- EXERCISE AIM
In the material below, find the line containing "Front view of" and the line containing "The formal dining". Output those two lines and all lines between them exactly, without pictures.
*** THE RECORDS ***
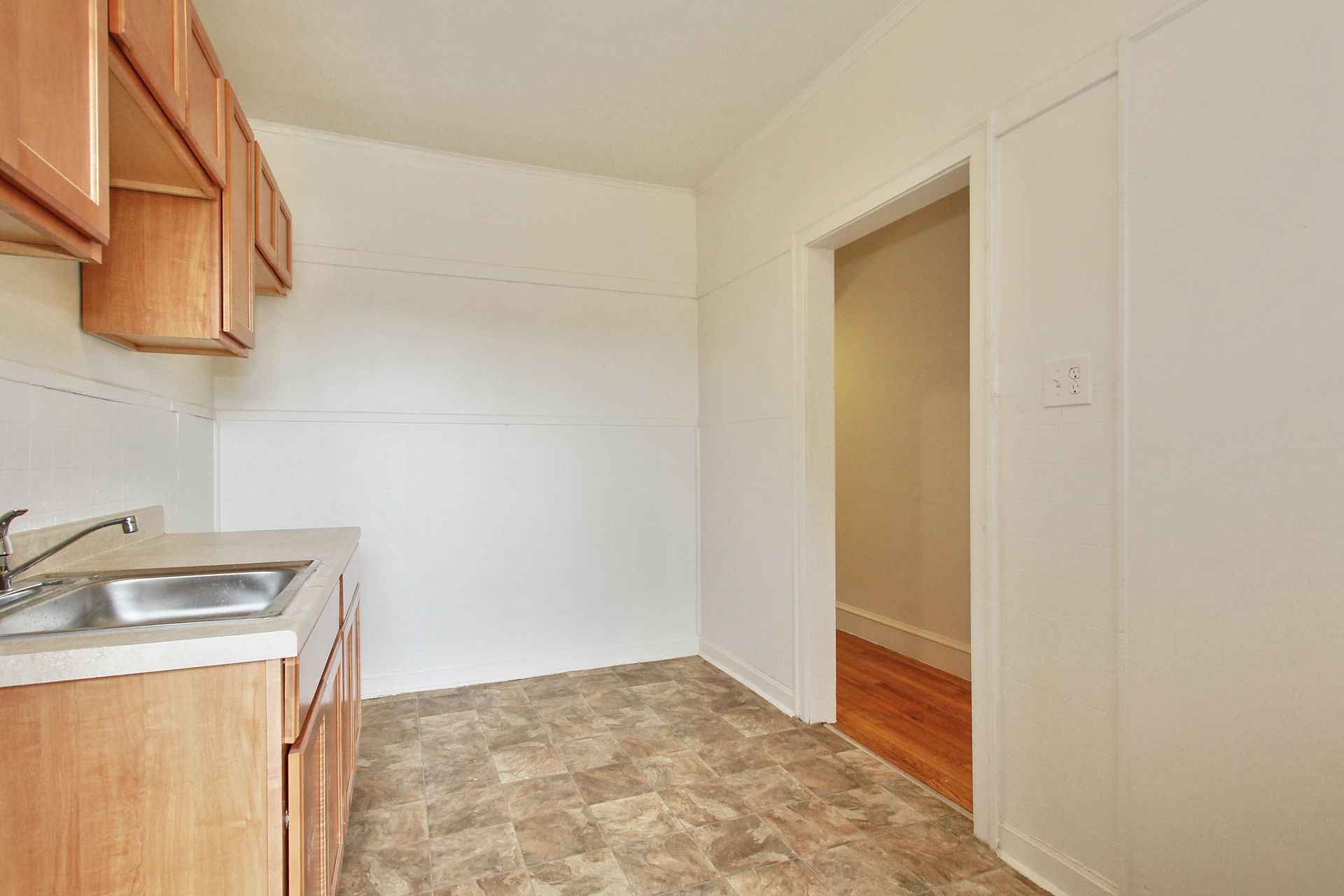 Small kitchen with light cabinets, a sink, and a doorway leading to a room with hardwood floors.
***
*** THE RECORDS ***
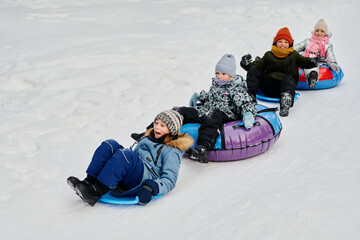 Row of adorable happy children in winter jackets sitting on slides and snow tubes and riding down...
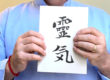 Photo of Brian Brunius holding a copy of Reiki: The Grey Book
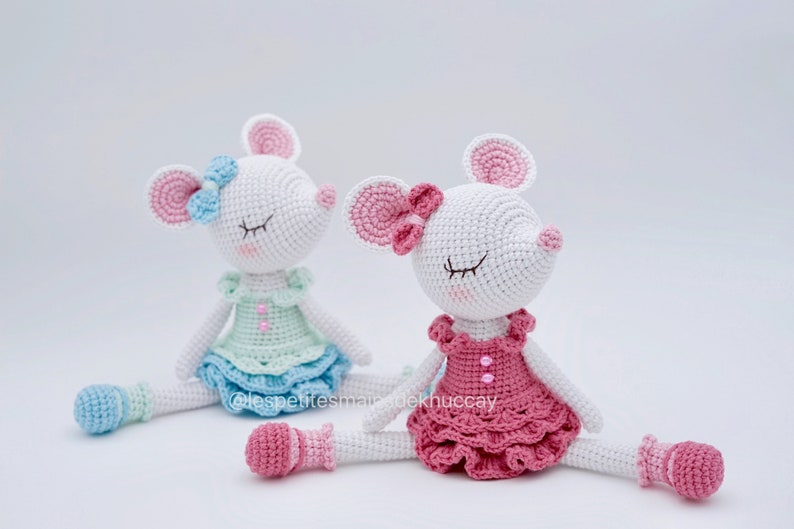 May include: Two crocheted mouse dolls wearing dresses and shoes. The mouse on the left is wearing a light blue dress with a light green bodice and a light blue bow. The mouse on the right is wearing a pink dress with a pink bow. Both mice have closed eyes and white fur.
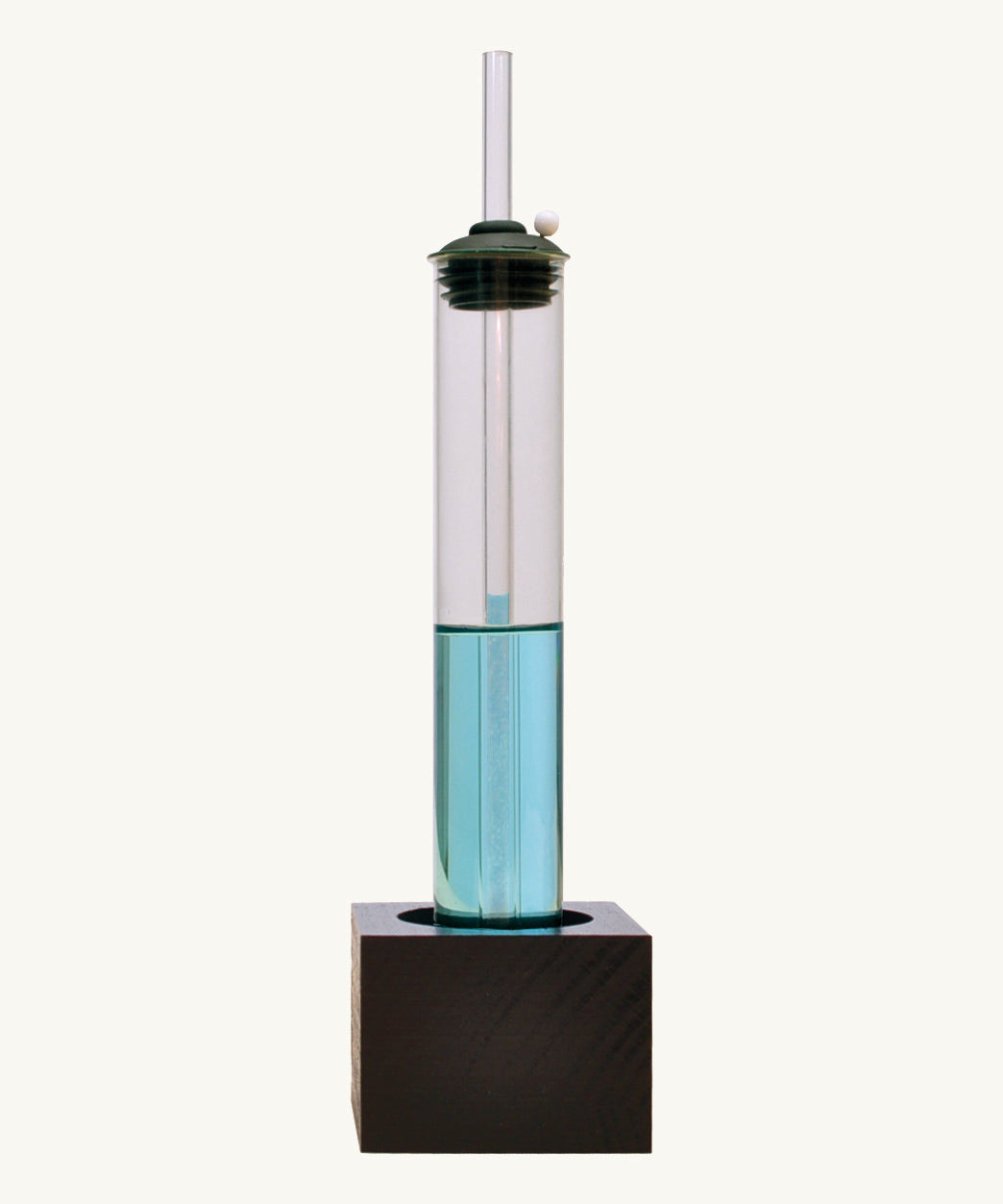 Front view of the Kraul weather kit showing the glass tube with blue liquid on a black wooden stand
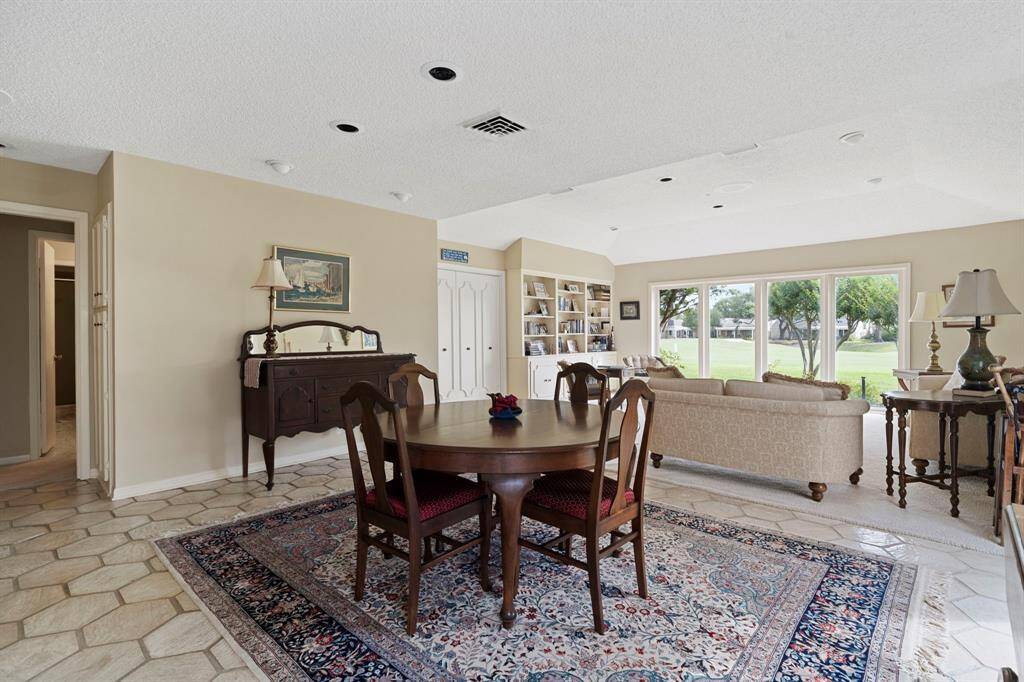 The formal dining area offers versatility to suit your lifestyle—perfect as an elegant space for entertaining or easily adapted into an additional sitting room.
***
- RESULT
 Front view of the Kraul weather kit showing the glass tube with blue liquid on a black wooden stand
 The formal dining area offers versatility to suit your lifestyle—perfect as an elegant space for entertaining or easily adapted into an additional sitting room.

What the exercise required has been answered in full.